Required action: For this task, extract exactly the lines of the data below, from the line containing "Heavy-duty Tactix hacksaw" through the last one, with pictures left out.

Input data:
____
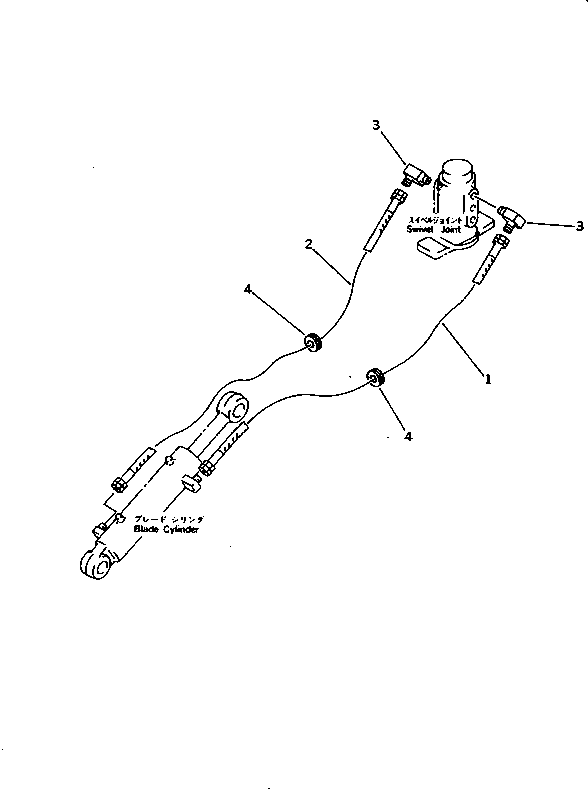 Komatsu parts book diagram for PC10-7 S/N 25001-UP: HYDRAULIC PIPING (BLADE CYLINDER LINE) (LOWER)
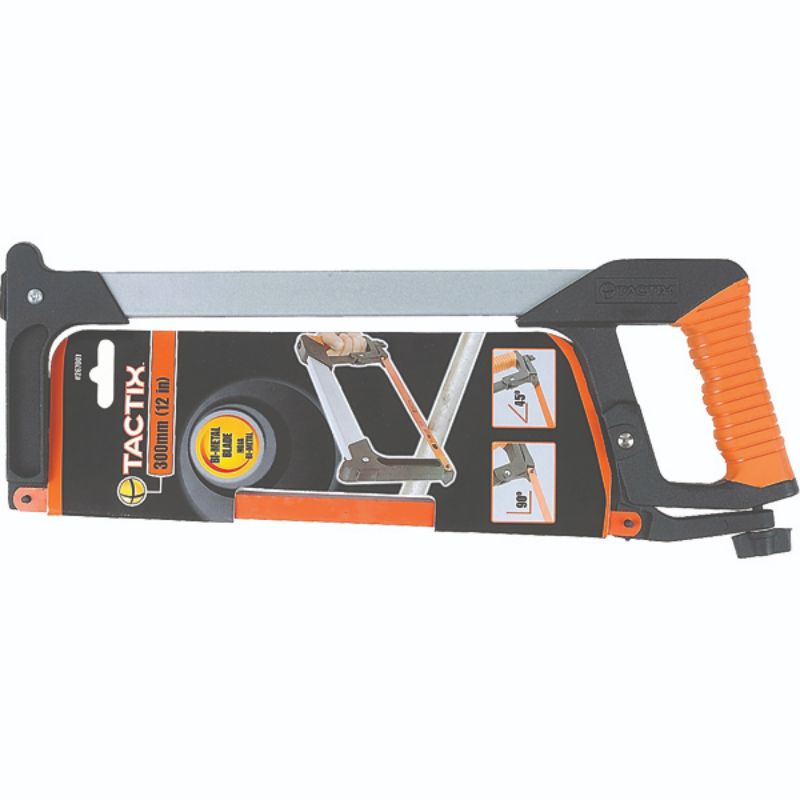 Heavy-duty Tactix hacksaw frame with ergonomic handle, 300mm size, and bi-metal blade for cutting metal, plastic, and wood.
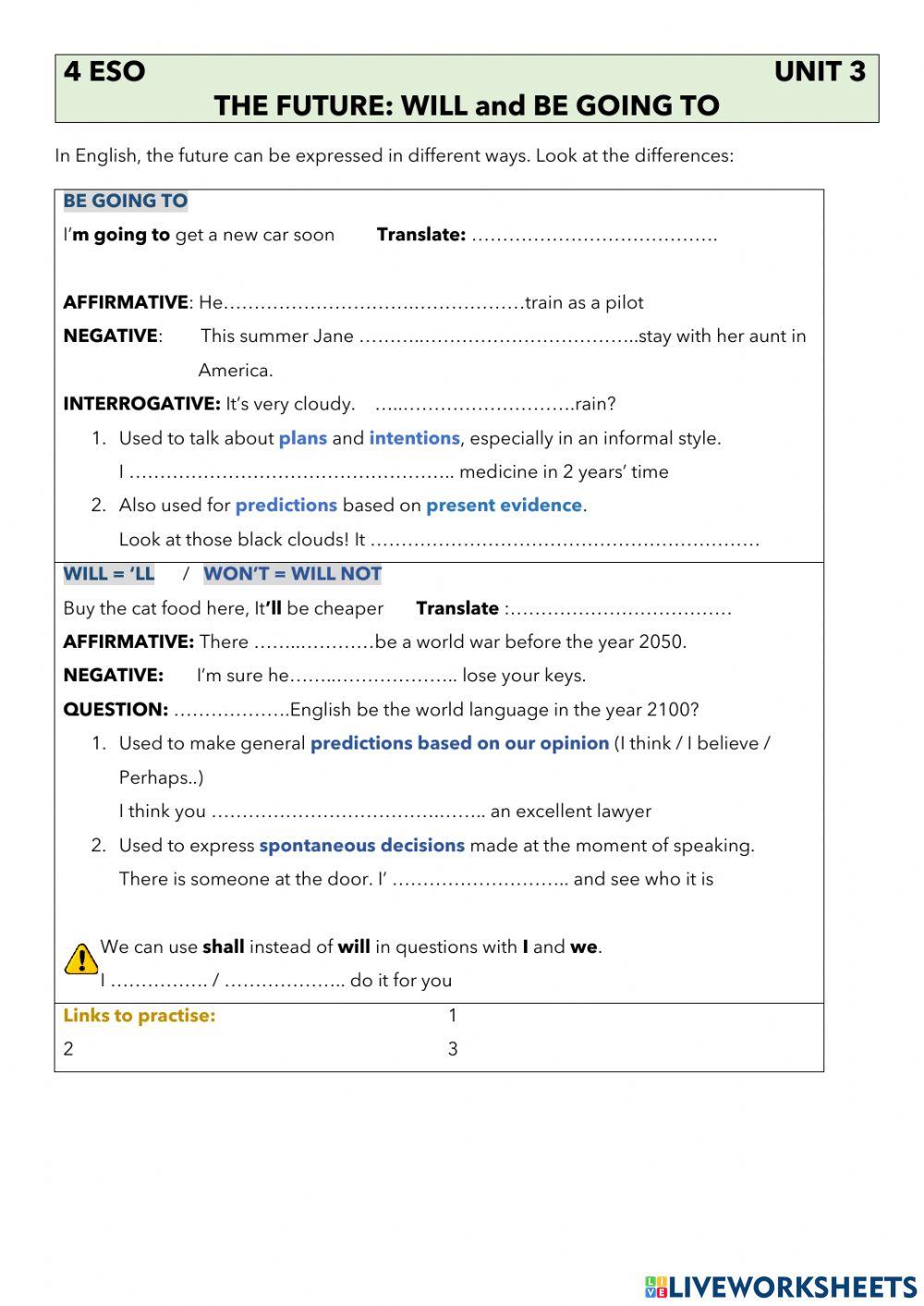 Be going to and will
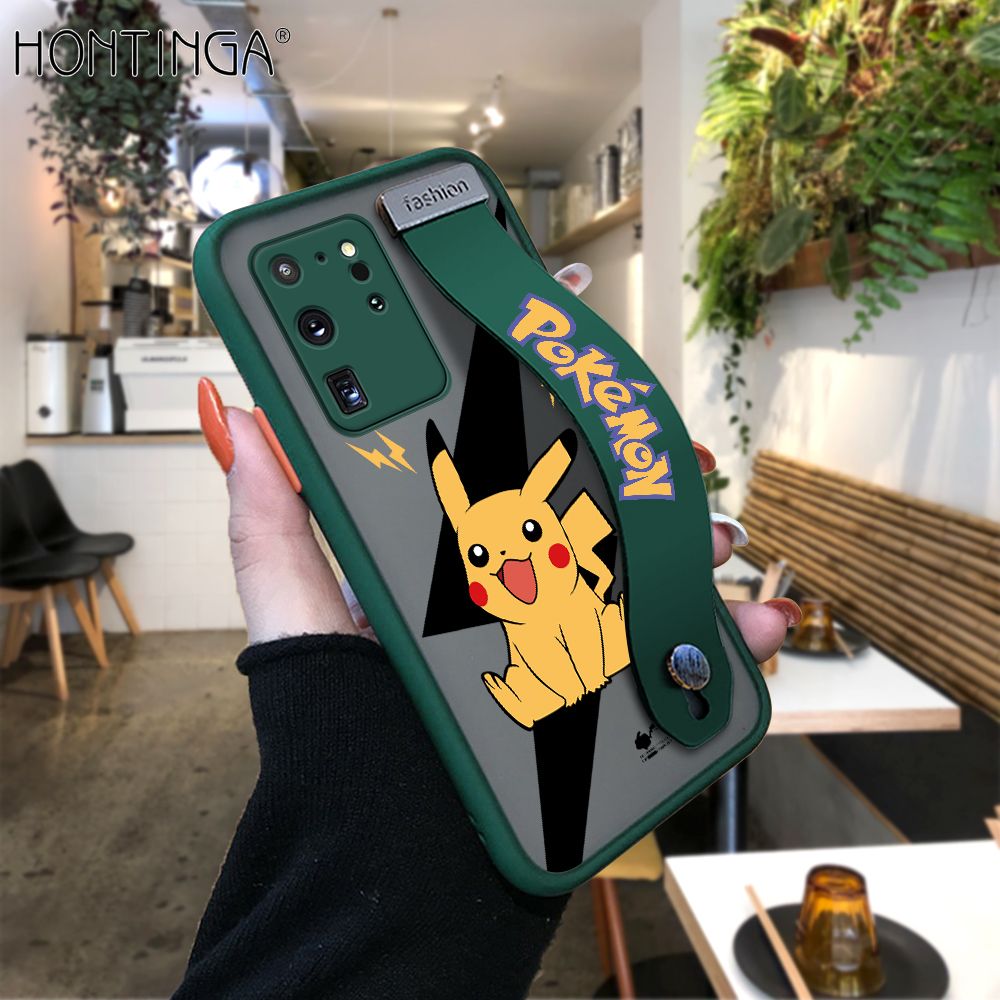 Hontinga for Samsung S20 Ultra Back Cover With Wristband Cartoon Pikachu Phone Casee Full Lens Protection Thin Frosted Cases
____
Exercise answer:
 Heavy-duty Tactix hacksaw frame with ergonomic handle, 300mm size, and bi-metal blade for cutting metal, plastic, and wood.
 Be going to and will
 Hontinga for Samsung S20 Ultra Back Cover With Wristband Cartoon Pikachu Phone Casee Full Lens Protection Thin Frosted Cases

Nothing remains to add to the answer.